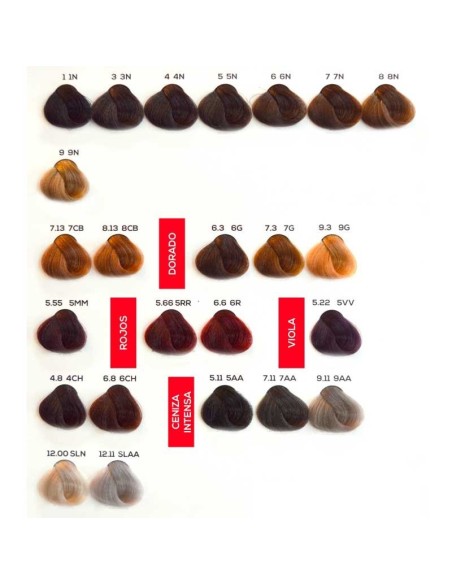 TINTE 10 MINUTE PERMANET COLOR 100ML JJ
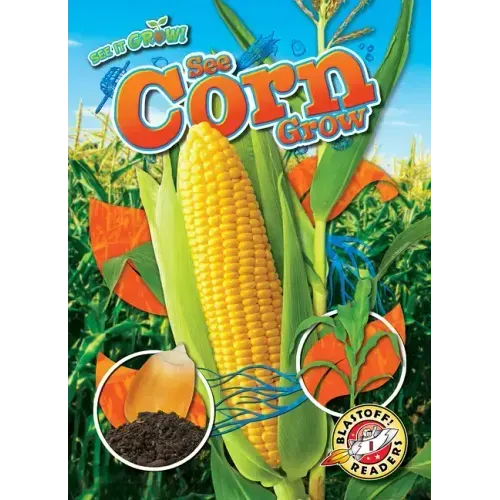 See Corn Grow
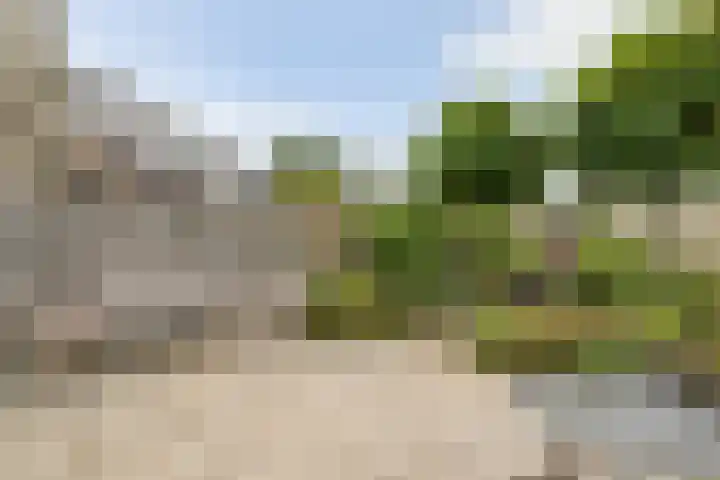 Rijnlaan 259 Zwolle thumbnail 27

_Your instructions_
For this exercise, retype the data above exactly and skip every image.

_Output for this task_
 TINTE 10 MINUTE PERMANET COLOR 100ML JJ
 See Corn Grow
 Rijnlaan 259 Zwolle thumbnail 27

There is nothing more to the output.